Case number two - Cain. He's so tough, made Dragon look like an amateur. He was a defensive striker - the first I've ever encountered in Nokotas. Let me say - NOT fun. But with handling, he improved. He spent some time with a Nokota friend [this would be Mother!], who started groundwork. She found him.... errrr... challenging. Good progress made but eventually he came back - still not broke to ride. So off he went for a 3-month professional start with a trainer experienced with mustangs. Cain was broke to ride. Yah! Then Nokota friend took him again - and progress was made, but uneven. Eventually came back home. Hmmm... I was pretty nervous, but started riding him, and found him transformed, good Nokota! Yah!
Back to Cain, now a good citizen, who just needs more finishing under-saddle. I enlist the help of a friend - competent, brave event rider with background in OTTBs. She comes out to ride him and LOVES him. Of course she does. What’s not to love? Big, beastly blue roan, sound and powerful, loves to jump and very, very sweet. She takes him to her boarding barn to work with. She has time and energy to devote to him exclusively - which takes huge burden off my plate. Perfect!
But no. Day three at Cain's new home - friend encounters BIG problems. Despite my complete debriefing on Nokotas and Cain - she's never worked with these types of horses. She apparently was a non-believer when I said, 'respect is important, but they MUST trust you’ and the other gem - 'don't get into fight - you won't win'. Friend got into a fight. Yes she did. And guess what? She didn’t win. And she was stunned.

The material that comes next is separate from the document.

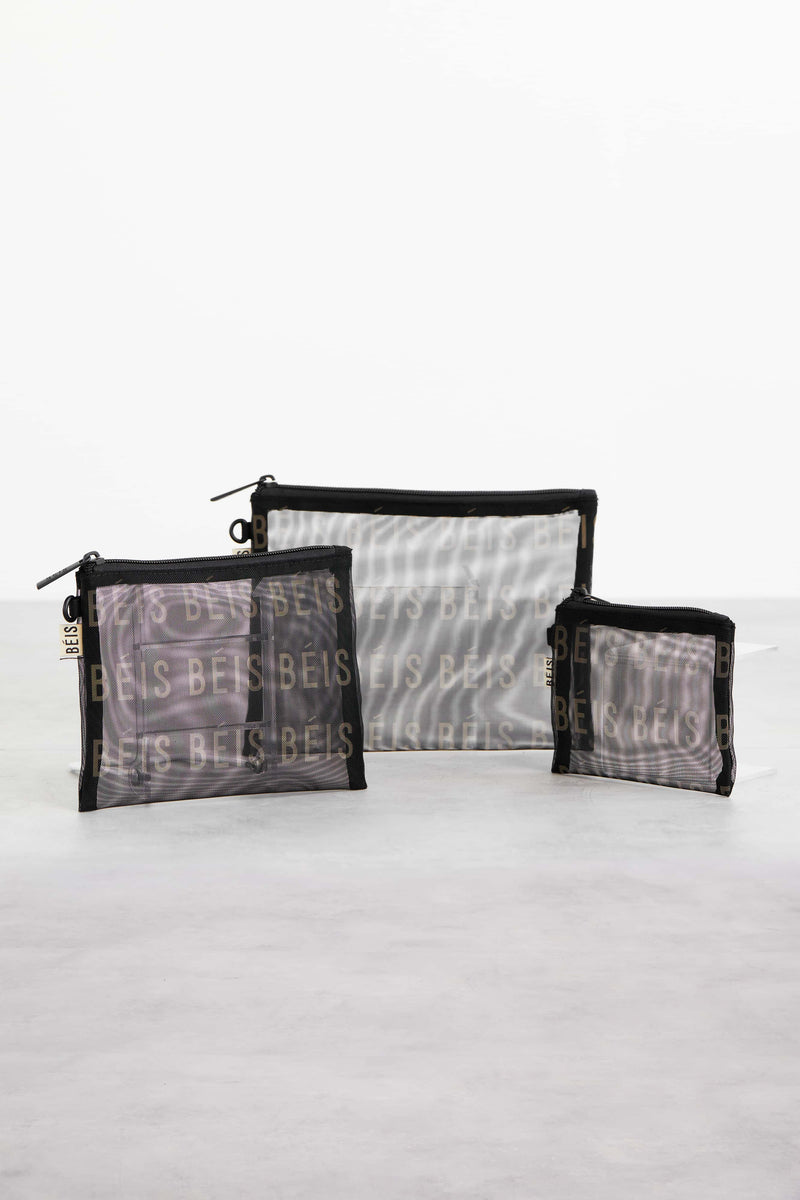 The Mesh Pouch Trio in Black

This, of course, is very bad news. We consulted, I gave my recommendations, she tried again, but, nope – another failed ride. This is very, very bad news. Now I know I need to get myself over there for a big-time Nokota intervention. I tell her not to ride again until I get there. We plan for Saturday. I would trailer over with Moonshine, my good Nokota. And I’d bring newly (again?) reformed Dragon and owner – who need some experience off the farm. Kill two birds, one stone. Right?
It takes 2 ½ hours to load Dragon – a new world record for me. But thankfully, at age 47, my reflexes are still good enough to dodge rearing hooves. Yah! Dragon eventually loads... Owner is beside herself. Epic fail.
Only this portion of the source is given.